-
Bug
-
Resolution: Fixed
-
Major
-
Jenkins 1.463 under Tomcat6 on Linux (SLES 11), Windows XP slave VMs controlled via vSphere Cloud plugin
I'm using the following setup:
- WinXP slaves A,B,C
- jobs jA, jB, jC, tied to slaves A,B,C respectively using "Restrict where this job can run"
Assume all slaves are disconnected and powered off, no builds are queued.
When starting a build manually, say jC, the following will happen:
- job jC will be scheduled and also displayed accordingly in the build queue
- tooltip will say it's waiting because slave C is offline
- next, slave A is powered on by Jenkins and connection is established
- jC will not be started, Jenkins seems to honor the restriction correctly
- after some idle time, Jenkins realizes the slave is idle and causes shut down
- then, same procedure happens with slave B
- on occasion, next one is slave A again
- finally (on good luck?) slave C happens to be started
- jC is executed
It is possible that jC is waiting for hours (indefinitely?), because the required
slave is not powered on. I also observed this behaviour using a time-trigger
instead of manual trigger, so I assume it is independent of the type of trigger.
Occasionally it also happens that the correct slave is powered up right away,
but that seems to happen by chance.

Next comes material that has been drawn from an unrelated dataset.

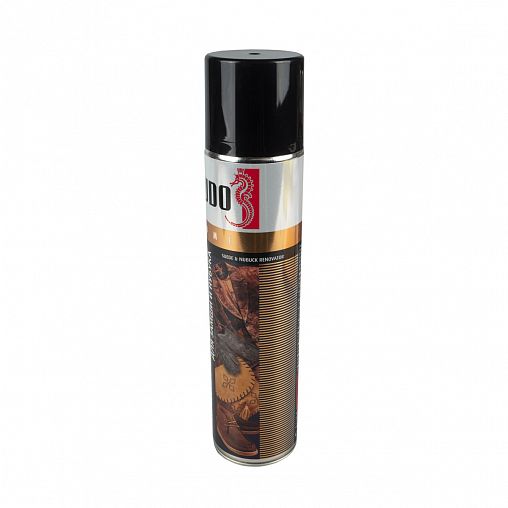 Краска-аэрозоль для замши и нубука Kudo KU-5251, 400 мл, черная фото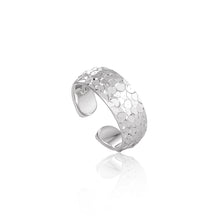 Fashion Scale Painted 925 Sterling Silver Non-Pierced Earring (Single)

The concrete pattern is not obvious to me.
Note that the component selection above is just my best guess.
Cheers, Marco
I've been encountering the same problem. I thought it was in the code of the vSphere Plugin, but it turns out that it's not. Jenkins is issuing a connect() call on slaves that have no reason to be starting up due to the queued jobs that I can see.
Part of the problem IS the vSphere Plugin itself. Originally, when a job was fired up, any slave that was down that could the job would be started by the vSphere Plugin because the connect() method would get called on all those slaves, which resulted in a large number of VMs being powered on for a single job. I added code to the plugin to throttle that behavior. Unfortunately, the throttling is causing this problem to get worse. Where as originally, jA, jB, and jC might have been started up, jC now MIGHT get started up due to the vSphere plugin throttling the VM startups.
Initial investigation seems to indicate that the Slave.canTake() function might not be functioning as expected. If I find anything further during my investigation, I'll post here.